The purpose of this assignment is to learn the underpinnings of feedforward networks. You will implement a perceptron network and a single hidden layer feedforward network with a step-activation function. You will experiment with key hyper parameters as well as key activation functions so as to understand how they interact and how they influence the performance of the networks. You will additionally learn about the taks of curating data so that it may be used to successfully train neural networks. You will be working with code that implements perceptrons, feed-forward networks and the backpropagation algorithm.

Basics

  1. Review the materials from sections 18.7.2 and 18.7.4 of the Russell and Norvig, in particular the algorithm presented in figure 18.24. For additional resources, consider the Wikipedia articles on Perceptrons, Feedforward neural networks and Backpropagation
  2. Download and install the Perceptron.java It is a perceptron network with a single output node. It uses a step activation function. Currently the training data is set up to learn the Boolean and function. Implement the trainNetwork() method with a fixed number of ten training episodes.
  3. Given the learning rate of 0.1, how many training episodes does the network take to learn Boolean and?
  4. Modify the learning rate. Can you learn in one training episode? If so, what is the learning rate?
  5. Set the learning rate back to 0.1. Now modify the threshold value. Can you learn in one training episode? If so, what is the threshold value?
  6. What is the relationship between the learning rate and the threshold value in the context of questions (4) and (5)?
  7. Modify the training data so as to attempt to learn the xor Boolean function. Experiment with different values for the learning rate and the threshold value.
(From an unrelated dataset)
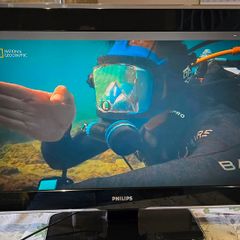Phillips 32"Tv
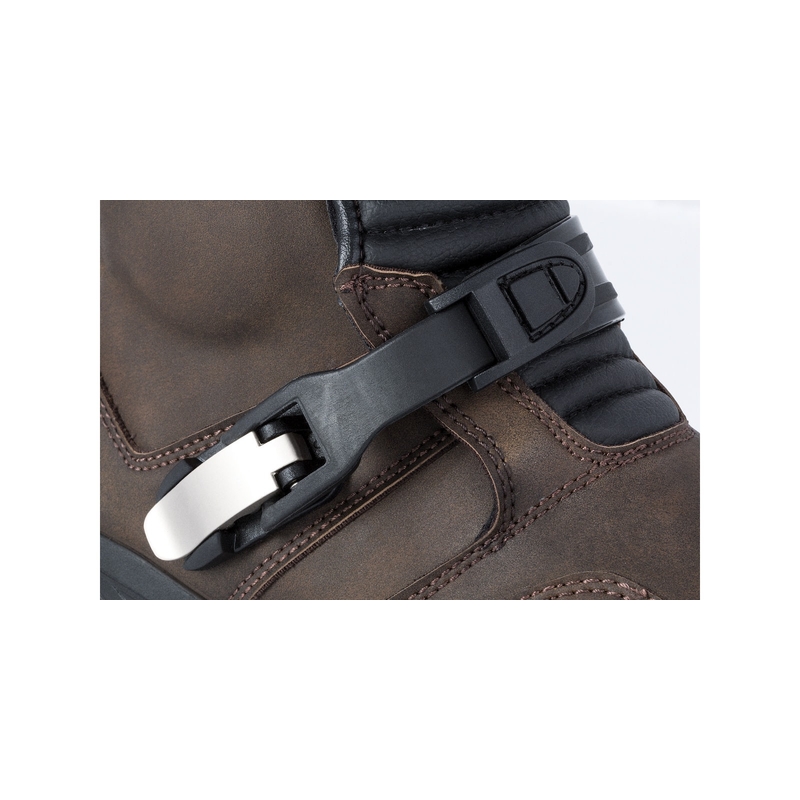 Kore Adventure Mid Schuhe braun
What appears to be the problem with the perceptron network when attempting to learn xor?

XOR Experiments

Download and install XOR.java. It is a feedforward network with one output node. It uses a sigmoid activation function. The weights are initialized to random values in the range [0..1[. Study the code and conduct the following experiments:
  1. Experiment with the following tuning parameters: number of training episodes, learning rate and hidden layer size. Currently, they are set to 1,000, 0.1 and 3, respectively. This is not sufficient to learn xor reliably. Change those parameters to values so as to efficiently and reliably train the network. Add to your report several sets of values with which you were able to train the network efficiently and reliably. Briefly state what you consider to be reliable. Additionally, address any relationships you may notice among the parameters. Notice that the testNetwork() method prints the actual output and the desired output.
  2. Now modify the XOR.java file so that the network uses a step activation function rather than a sigmoid activation function. Hint: Recall that the derivative of the step function is not defined for all values. Experiment with values of the number of training episodes, learning rate, threshold of the activation function and hidden layer size. Add to your report several sets of values with which you were able to train the network efficiently and reliably. Briefly state what you consider to be reliable. Additionally, address any relationships you may notice among the parameters.

Digit Recognition

Download and install FeedForwardNetwork.java and Training.java. Study the code. Notice that Training.java is set-up to train the feed-forward network to train XOR. It serves to test your installation. Please notice that there is some testing code in the FeedForwardNetwork.java file. Feel free to modify it to your needs. Modify the training file so that it successfully recognizes handwritten digits. The training data and an explanation of it can be found near the bottom of The MNIST Database document.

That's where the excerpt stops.